= WHAT THE EXERCISE ASKS =
Once you find the line with "Foto - Kosmetikstudio" in the entries below, print it and each line after it up to and including the line with "发现比亚迪的腾势/仰望系列的", exactly, without pictures.

= AVAILABLE DATA =
══════════

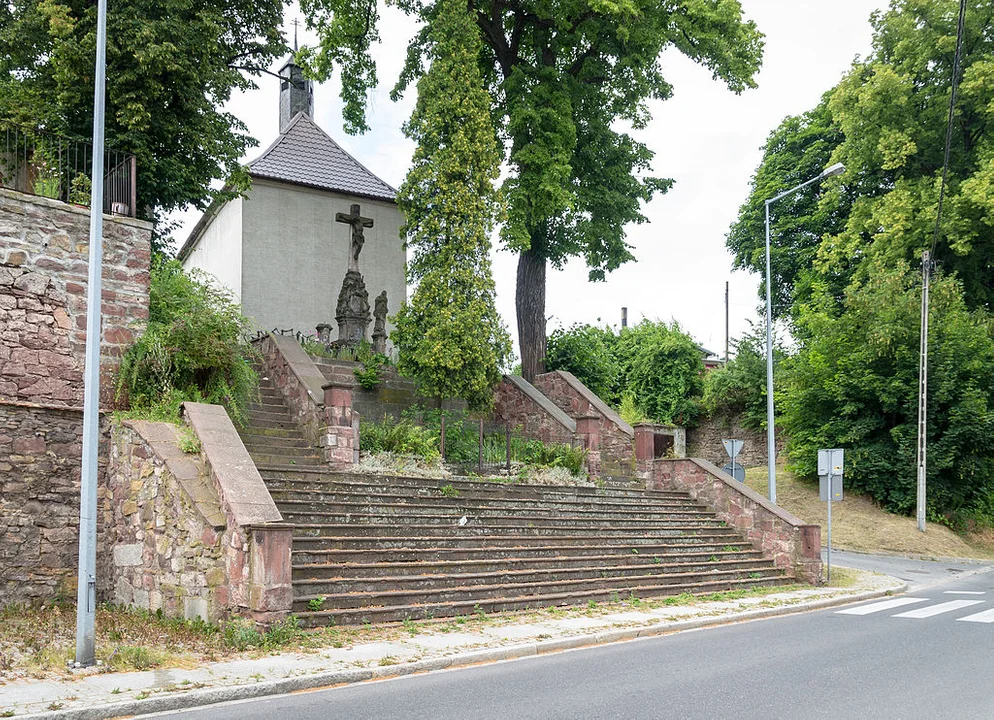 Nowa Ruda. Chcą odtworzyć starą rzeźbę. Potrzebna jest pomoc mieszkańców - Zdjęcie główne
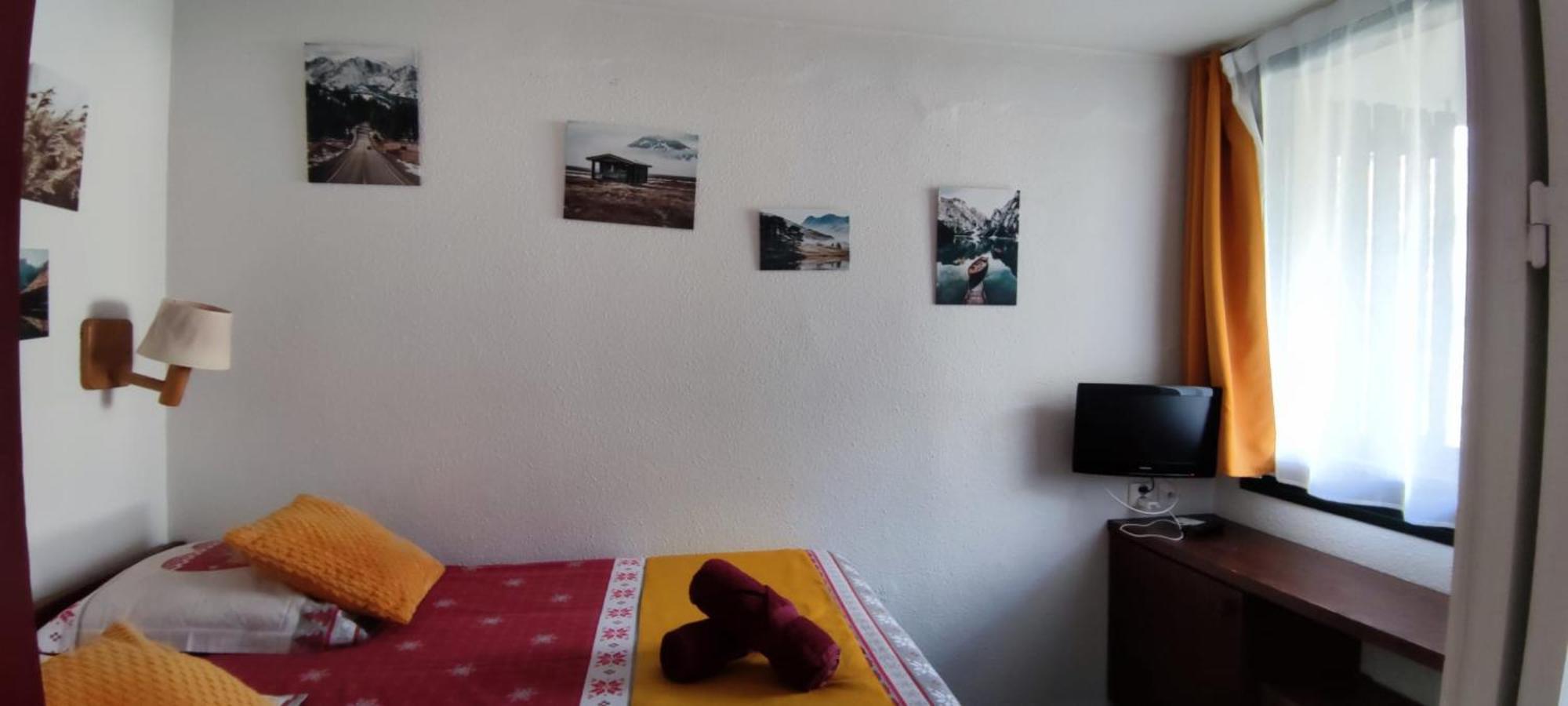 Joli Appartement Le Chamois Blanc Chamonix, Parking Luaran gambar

══════════

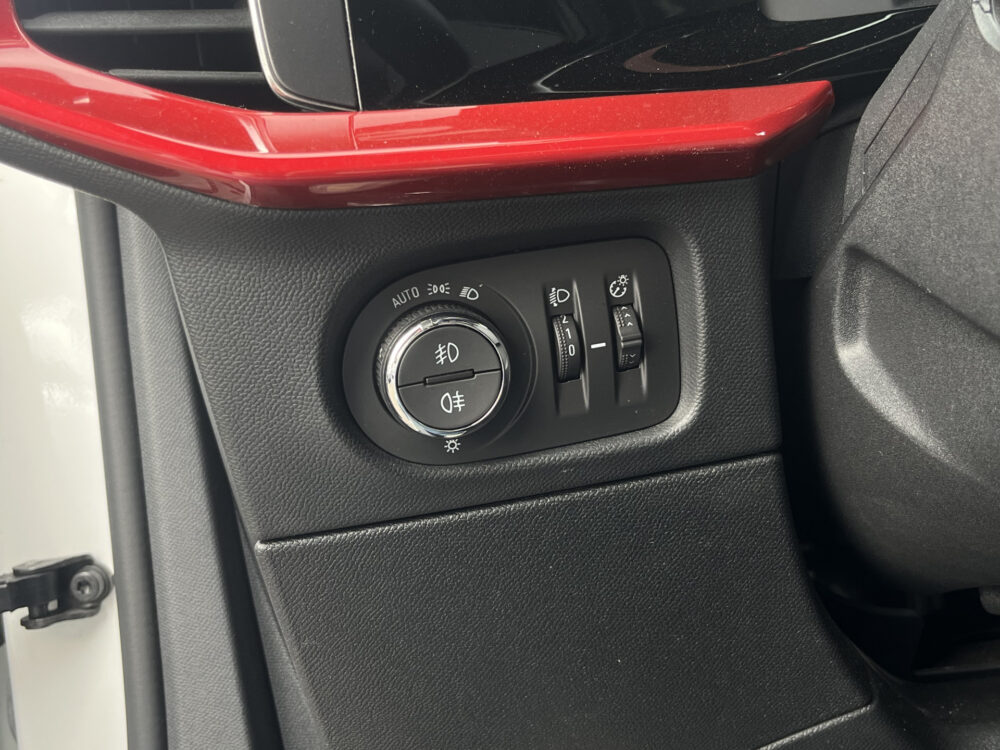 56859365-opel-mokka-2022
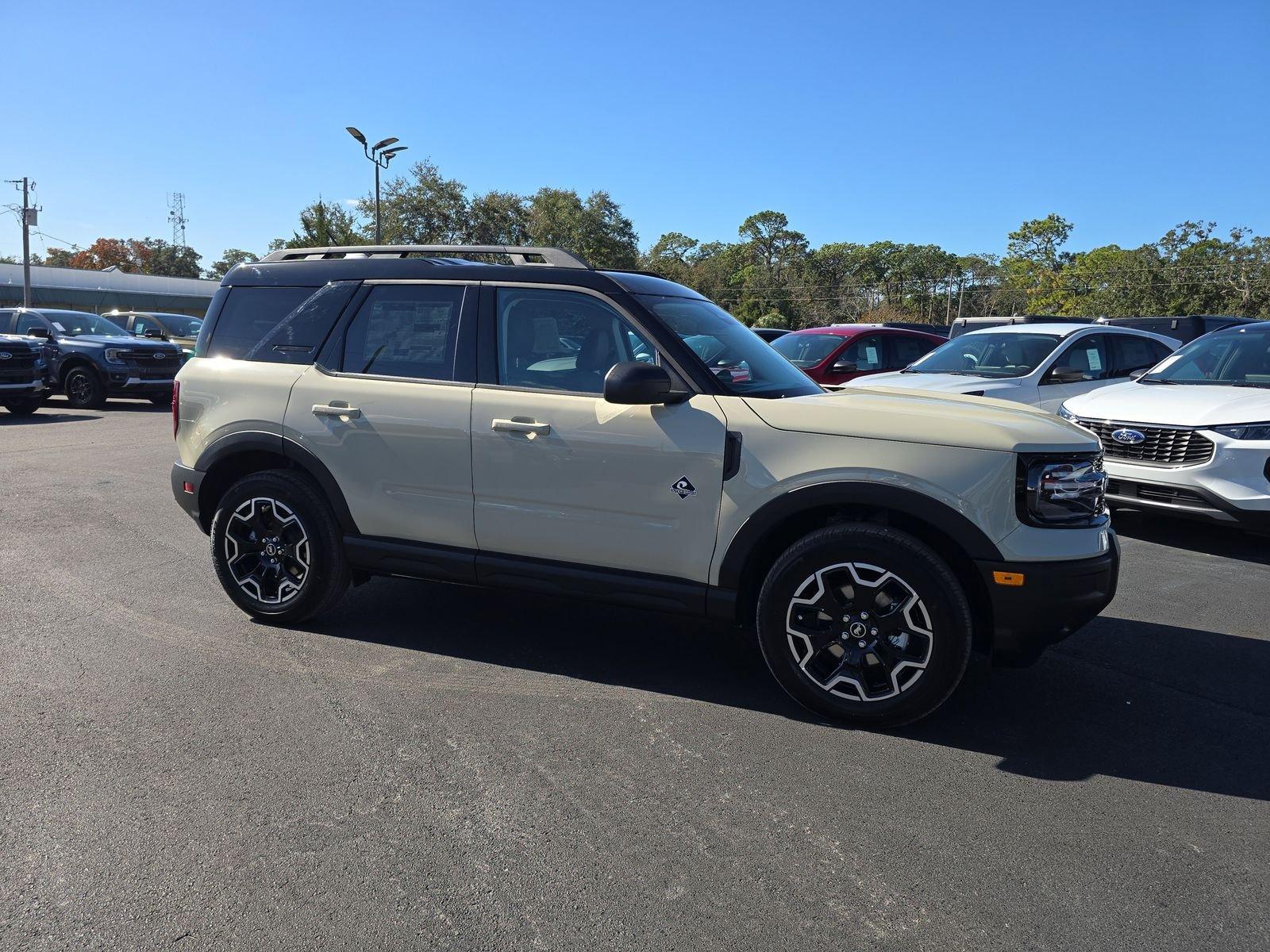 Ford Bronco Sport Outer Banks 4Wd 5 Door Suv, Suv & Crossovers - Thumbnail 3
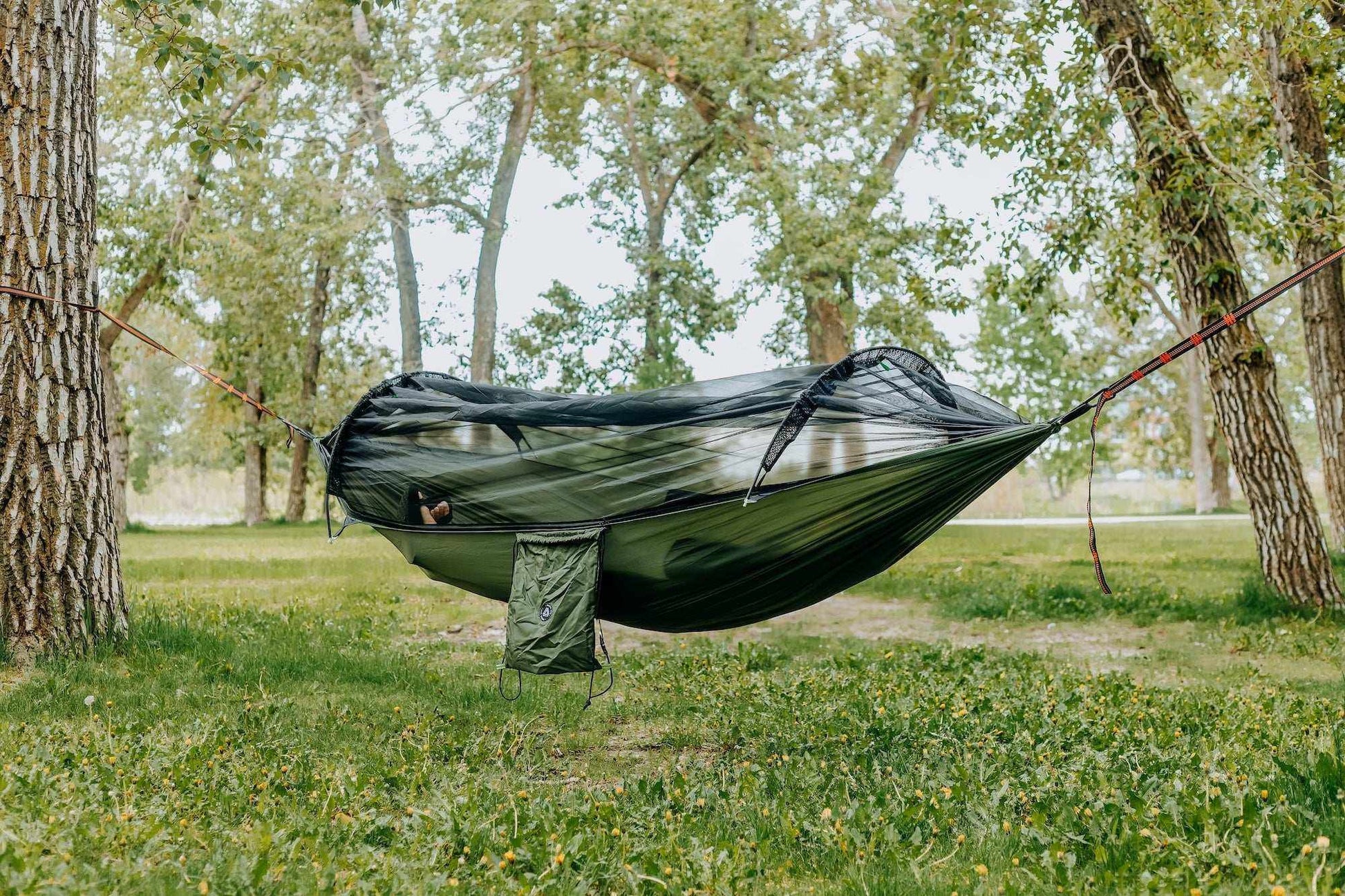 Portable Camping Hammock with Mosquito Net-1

══════════

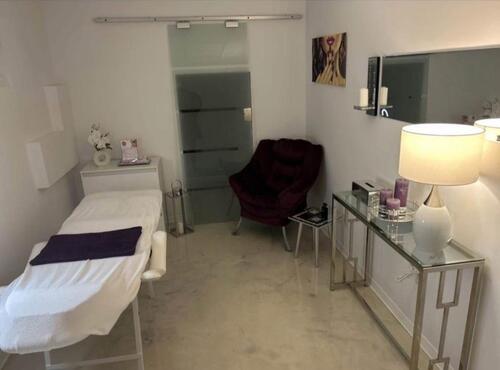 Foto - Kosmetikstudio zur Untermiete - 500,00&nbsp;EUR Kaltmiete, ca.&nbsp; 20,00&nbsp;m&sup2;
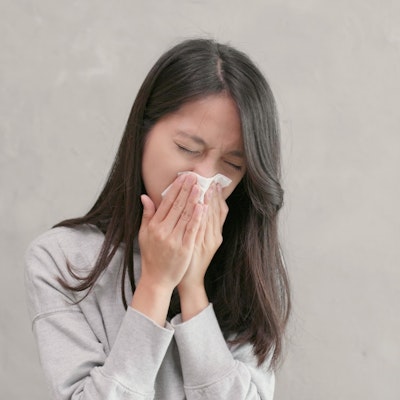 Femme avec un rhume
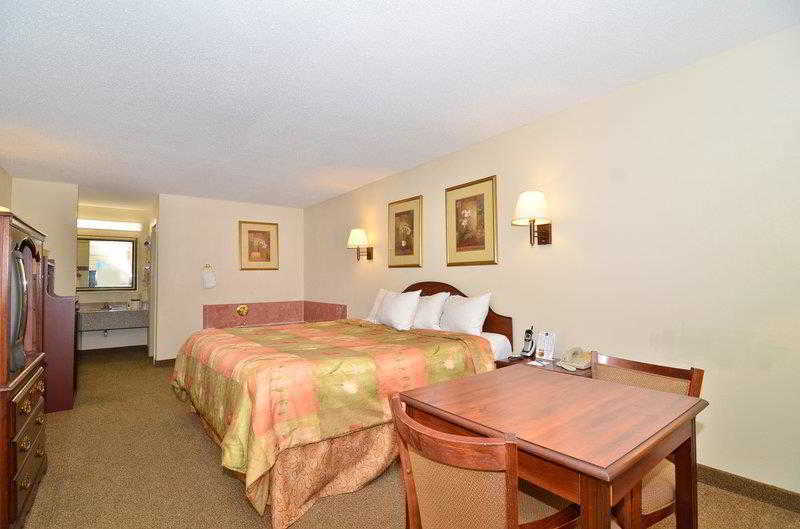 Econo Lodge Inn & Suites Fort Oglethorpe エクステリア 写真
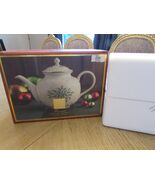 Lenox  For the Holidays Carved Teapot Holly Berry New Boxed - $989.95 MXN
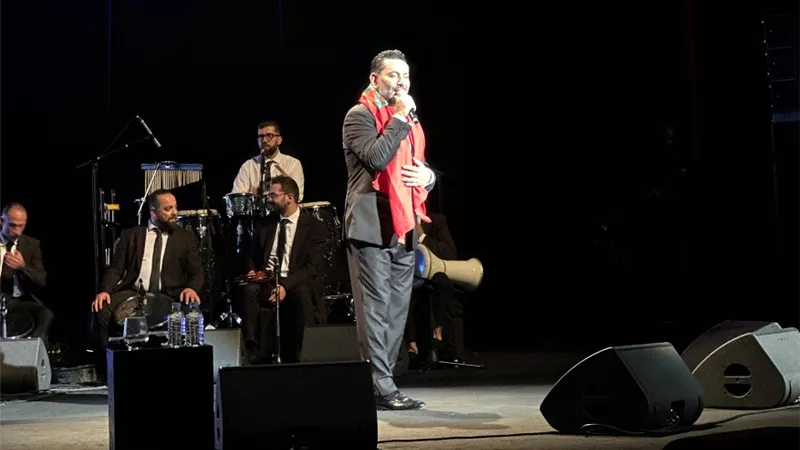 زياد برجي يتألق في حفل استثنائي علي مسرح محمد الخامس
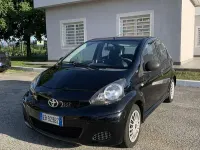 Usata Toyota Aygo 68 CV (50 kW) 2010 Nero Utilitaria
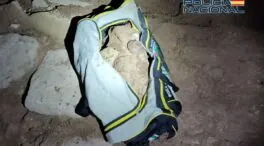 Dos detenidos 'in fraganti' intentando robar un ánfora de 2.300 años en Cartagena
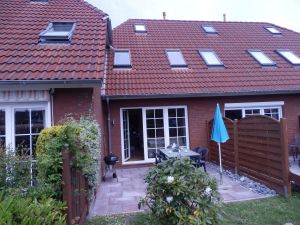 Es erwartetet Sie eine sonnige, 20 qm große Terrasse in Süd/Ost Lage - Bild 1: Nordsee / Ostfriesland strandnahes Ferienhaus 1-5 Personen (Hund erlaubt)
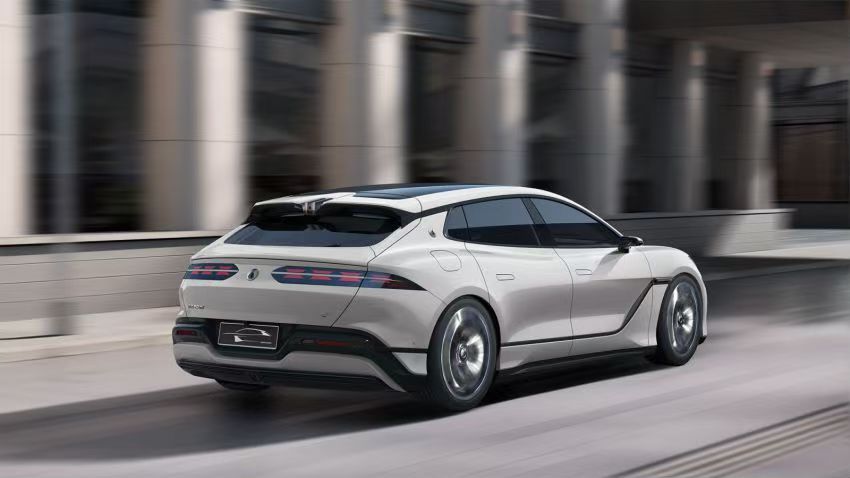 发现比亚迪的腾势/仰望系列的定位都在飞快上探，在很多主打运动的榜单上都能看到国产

══════════

= TASK SOLUTION =
 Foto - Kosmetikstudio zur Untermiete - 500,00&nbsp;EUR Kaltmiete, ca.&nbsp; 20,00&nbsp;m&sup2;
 Femme avec un rhume
 Econo Lodge Inn & Suites Fort Oglethorpe エクステリア 写真
 Lenox  For the Holidays Carved Teapot Holly Berry New Boxed - $989.95 MXN
 زياد برجي يتألق في حفل استثنائي علي مسرح محمد الخامس
 Usata Toyota Aygo 68 CV (50 kW) 2010 Nero Utilitaria
 Dos detenidos 'in fraganti' intentando robar un ánfora de 2.300 años en Cartagena
 Es erwartetet Sie eine sonnige, 20 qm große Terrasse in Süd/Ost Lage - Bild 1: Nordsee / Ostfriesland strandnahes Ferienhaus 1-5 Personen (Hund erlaubt)
 发现比亚迪的腾势/仰望系列的定位都在飞快上探，在很多主打运动的榜单上都能看到国产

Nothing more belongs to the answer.